LOCKDOWN and a lack of funding have led to the national increase in young children being excluded from schools, a Gospel Oak headteacher said.

The latest data released by the Department for Education revealed that 2022-23 recorded the highest number of permanent exclusions from schools, with a worrying rise in pupils excluded from primary school.

In Camden, there were 17 children excluded from state primary schools in 2022-23, up from 13 the previous year, ranking it in the middle of school exclusions for that year across inner London boroughs.

John Hayes, head of Gospel Oak Primary and Nursery School, told the New Journal: “We try to avoid exclusion at all costs. Lots of schools are struggling to keep children with very complex needs safe within their schools and it’s a combination of the after effects of Covid, where children who are very young in our schools didn’t have the very early exposure to other children or communal settings to groups and even to the outside world in some cases so we have lots of issues which will show to be the ill effects of lockdown.”

He added that exclusions are a “very last resort”.

“No teacher wants to exclude children,” he said. “The judgement is can you keep them safe and can you keep the rest of the school safe? There’s only so much we can do to ensure that. It would be less frequent if schools had the resources and funding to manage it.”
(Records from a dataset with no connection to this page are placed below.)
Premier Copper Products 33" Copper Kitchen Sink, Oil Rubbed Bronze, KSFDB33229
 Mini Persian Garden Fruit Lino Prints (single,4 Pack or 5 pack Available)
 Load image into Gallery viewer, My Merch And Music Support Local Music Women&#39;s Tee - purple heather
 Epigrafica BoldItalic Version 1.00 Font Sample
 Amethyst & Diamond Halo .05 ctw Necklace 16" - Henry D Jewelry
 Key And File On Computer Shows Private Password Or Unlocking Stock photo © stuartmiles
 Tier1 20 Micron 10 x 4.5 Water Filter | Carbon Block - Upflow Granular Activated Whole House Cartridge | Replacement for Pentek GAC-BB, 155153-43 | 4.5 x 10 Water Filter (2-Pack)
While Gospel Oak Primary didn’t exclude anyone in 2022-2023 he said he understands why some teachers don’t have the staff or funding or expertise to keep every child.

Mr Hayes added: “We’ve got a far higher rate of children with special educational and very complex needs coming in and those who are increasingly being diagnosed with autism or ADHD.

“We are now trying to cater for children who a decade or more ago would not be in a mainstream school because there would be specialist experts in schools in other parts of the borough who would have capacity to take them.”